Background: Advanced glycation endproducts elicit inflammation. However, their role in adipocyte macrophage infiltration and in the development of insulin resistance, especially in the absence of the deleterious biochemical pathways that coexist in diabetes mellitus, remains unknown. We investigated the effect of chronic administration of advanced glycated albumin (AGE-albumin) in healthy rats, associated or not with N-acetylcysteine (NAC) treatment, on insulin sensitivity, adipose tissue transcriptome and macrophage infiltration and polarization. Methods: Male Wistar rats were intraperitoneally injected with control (C) or AGE-albumin alone, or, together with NAC in the drinking water. Biochemical parameters, lipid peroxidation, gene expression and protein contents were, respectively, determined by enzymatic techniques, reactive thiobarbituric acid substances, RT-qPCR and immunohistochemistry or immunoblot. Carboxymethyllysine (CML) and pyrraline (PYR) were determined by LC/mass spectrometry (LC-MS/MS) and ELISA. Results: CML and PYR were higher in AGE-albumin as compared to C. Food consumption, body weight, systolic blood pressure, plasma lipids, glucose, hepatic and renal function, adipose tissue relative weight and adipocyte number were similar among groups. In AGE-treated animals, insulin resistance, adipose macrophage infiltration and Col12a1 mRNA were increased with no changes in M1 and M2 phenotypes as compared to C-albumin-treated rats. Total GLUT4 content was reduced by AGE-albumin as compared to C-albumin. NAC improved insulin sensitivity, reduced urine TBARS, adipose macrophage number and Itgam and Mrc mRNA and increased Slc2a4 and Ppara. CD11b, CD206, Ager, Ddost, Cd36, Nfkb1, Il6, Tnf, Adipoq, Retn, Arg, and Il12 expressions were similar among groups. Conclusions: AGE-albumin sensitizes adipose tissue to inflammation due to macrophage infiltration and reduces GLUT4, contributing to insulin resistance in healthy rats. NAC antagonizes AGE-albumin and prevents insulin resistance. Therefore, it may be a useful tool in the prevention of AGE action on insulin resistance and long-term complications of DM.
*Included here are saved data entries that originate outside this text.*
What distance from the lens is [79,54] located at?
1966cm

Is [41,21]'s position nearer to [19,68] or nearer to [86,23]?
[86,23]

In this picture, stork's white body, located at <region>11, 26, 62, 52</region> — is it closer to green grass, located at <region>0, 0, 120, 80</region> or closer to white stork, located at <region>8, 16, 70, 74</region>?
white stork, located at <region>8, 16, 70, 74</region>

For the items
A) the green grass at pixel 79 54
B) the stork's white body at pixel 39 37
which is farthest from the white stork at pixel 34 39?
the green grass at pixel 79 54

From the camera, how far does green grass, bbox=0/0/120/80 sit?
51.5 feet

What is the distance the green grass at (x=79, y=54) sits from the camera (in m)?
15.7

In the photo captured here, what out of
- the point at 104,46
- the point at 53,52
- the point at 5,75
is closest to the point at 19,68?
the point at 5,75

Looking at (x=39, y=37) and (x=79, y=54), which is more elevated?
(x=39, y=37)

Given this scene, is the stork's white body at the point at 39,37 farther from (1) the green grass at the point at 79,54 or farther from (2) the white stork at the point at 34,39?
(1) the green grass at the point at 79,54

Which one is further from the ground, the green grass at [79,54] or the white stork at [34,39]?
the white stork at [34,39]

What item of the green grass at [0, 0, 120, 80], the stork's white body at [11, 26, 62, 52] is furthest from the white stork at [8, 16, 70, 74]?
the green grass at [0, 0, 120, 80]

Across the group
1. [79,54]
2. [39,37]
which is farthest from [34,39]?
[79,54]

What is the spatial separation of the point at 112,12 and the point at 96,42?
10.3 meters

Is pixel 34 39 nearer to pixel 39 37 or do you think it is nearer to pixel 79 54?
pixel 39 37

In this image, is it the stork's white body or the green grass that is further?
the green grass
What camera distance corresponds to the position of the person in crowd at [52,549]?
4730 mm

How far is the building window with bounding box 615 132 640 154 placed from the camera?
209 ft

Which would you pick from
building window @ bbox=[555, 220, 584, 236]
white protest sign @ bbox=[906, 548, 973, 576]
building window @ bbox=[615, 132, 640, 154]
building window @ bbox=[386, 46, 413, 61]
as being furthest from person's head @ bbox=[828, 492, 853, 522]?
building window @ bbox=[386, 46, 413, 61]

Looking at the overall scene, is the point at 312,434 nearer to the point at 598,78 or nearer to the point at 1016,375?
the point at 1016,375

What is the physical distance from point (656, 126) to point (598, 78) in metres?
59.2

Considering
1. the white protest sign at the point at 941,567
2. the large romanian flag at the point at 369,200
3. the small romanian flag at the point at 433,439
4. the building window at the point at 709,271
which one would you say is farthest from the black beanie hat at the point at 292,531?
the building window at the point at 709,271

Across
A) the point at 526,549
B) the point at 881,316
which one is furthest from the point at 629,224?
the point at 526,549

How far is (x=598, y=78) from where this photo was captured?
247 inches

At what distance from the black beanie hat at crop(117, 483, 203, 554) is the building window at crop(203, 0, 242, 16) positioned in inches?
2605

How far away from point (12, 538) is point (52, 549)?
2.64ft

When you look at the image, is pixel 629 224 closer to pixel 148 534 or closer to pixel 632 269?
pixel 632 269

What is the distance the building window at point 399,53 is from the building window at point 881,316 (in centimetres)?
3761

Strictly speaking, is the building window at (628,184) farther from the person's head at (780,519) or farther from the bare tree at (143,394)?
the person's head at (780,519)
N-Acetyl Cysteine Attenuated the Deleterious Effects of Advanced Glycation End-Products on the Kidney of Non-Diabetic Rats.
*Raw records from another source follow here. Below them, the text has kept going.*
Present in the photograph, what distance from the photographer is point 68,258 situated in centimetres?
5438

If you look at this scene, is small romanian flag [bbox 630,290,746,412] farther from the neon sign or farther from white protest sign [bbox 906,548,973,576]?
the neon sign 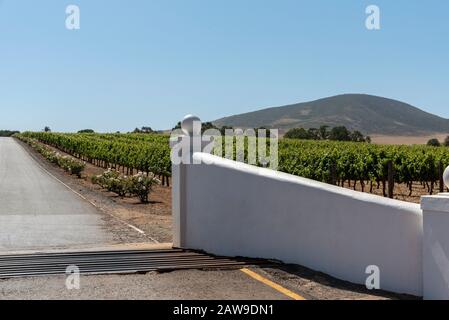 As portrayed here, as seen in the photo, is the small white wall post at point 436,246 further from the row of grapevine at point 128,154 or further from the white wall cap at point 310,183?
the row of grapevine at point 128,154

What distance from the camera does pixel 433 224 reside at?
6125 millimetres

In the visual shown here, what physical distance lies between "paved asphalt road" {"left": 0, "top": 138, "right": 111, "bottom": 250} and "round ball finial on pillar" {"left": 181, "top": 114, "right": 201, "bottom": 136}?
13.7 feet

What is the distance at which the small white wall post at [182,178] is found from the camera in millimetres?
9773

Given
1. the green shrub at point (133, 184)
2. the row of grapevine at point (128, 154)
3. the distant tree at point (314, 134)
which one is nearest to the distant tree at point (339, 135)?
the distant tree at point (314, 134)

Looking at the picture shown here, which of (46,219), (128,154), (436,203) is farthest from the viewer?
→ (128,154)

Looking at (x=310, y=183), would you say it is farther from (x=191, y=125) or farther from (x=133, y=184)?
(x=133, y=184)

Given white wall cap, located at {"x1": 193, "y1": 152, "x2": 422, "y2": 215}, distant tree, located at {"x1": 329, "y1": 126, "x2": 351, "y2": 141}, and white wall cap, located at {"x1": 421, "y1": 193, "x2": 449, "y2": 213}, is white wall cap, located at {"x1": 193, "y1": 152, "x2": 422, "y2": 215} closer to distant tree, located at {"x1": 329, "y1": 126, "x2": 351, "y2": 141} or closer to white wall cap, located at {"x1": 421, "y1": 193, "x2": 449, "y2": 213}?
white wall cap, located at {"x1": 421, "y1": 193, "x2": 449, "y2": 213}

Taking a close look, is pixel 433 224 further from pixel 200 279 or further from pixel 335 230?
pixel 200 279

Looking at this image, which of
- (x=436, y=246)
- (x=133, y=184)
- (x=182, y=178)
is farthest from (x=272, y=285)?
(x=133, y=184)

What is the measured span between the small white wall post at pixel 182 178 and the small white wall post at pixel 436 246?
4.46 meters

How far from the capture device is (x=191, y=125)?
9.72 meters

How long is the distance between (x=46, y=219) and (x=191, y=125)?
9237 mm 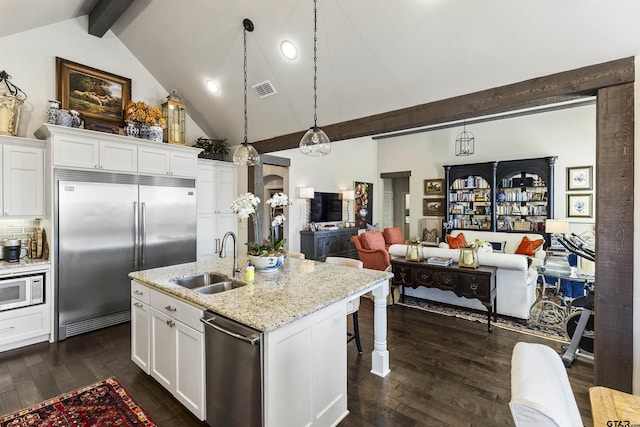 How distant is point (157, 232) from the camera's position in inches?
169

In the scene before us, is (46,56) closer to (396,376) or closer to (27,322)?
(27,322)

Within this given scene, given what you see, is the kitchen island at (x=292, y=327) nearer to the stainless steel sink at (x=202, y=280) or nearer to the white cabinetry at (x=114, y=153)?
the stainless steel sink at (x=202, y=280)

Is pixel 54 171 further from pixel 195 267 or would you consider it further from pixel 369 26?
pixel 369 26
Aim: To assess the renal effects of chronic exposure to advanced glycation end-products (AGEs) in the absence of diabetes and the potential impact of concomitant treatment with the antioxidant N-acetyl cysteine (NAC). Methods: Wistar rats received intraperitoneally 20 mg/kg/day of albumin modified (AlbAGE) or not (AlbC) by advanced glycation for 12 weeks and oral NAC (600mg/L; AlbAGE+NAC and AlbC+NAC, respectively). Biochemical, urinary and renal morphological analyses; carboxymethyl-lysine (CML, an AGE), CD68 (macrophage infiltration), and 4-hydroxynonenal (4-HNE, marker of oxidative stress) immunostaining; intrarenal mRNA expression of genes belonging to pathways related to AGEs (Ager, Ddost, Nfkb1), renin-angiotensin system (Agt, Ren, Ace), fibrosis (Tgfb1, Col4a1), oxidative stress (Nox4, Txnip), and apoptosis (Bax, Bcl2); and reactive oxidative species (ROS) content were performed. Results: AlbAGE significantly increased urine protein-to-creatinine ratio; glomerular area; renal CML content and macrophage infiltration; expression of Ager, Nfkb1, Agt, Ren, Tgfb1, Col4a1, Txnip, Bax/Bcl2 ratio; and 4-HNE and ROS contents. Some of these effects were attenuated by NAC concomitant treatment. Conclusion: Because AGEs are highly consumed in modern diets and implicated in the progression of different kidney diseases, NAC could be a therapeutic intervention to decrease renal damage, considering that long-term restriction of dietary AGEs is difficult to achieve in practice.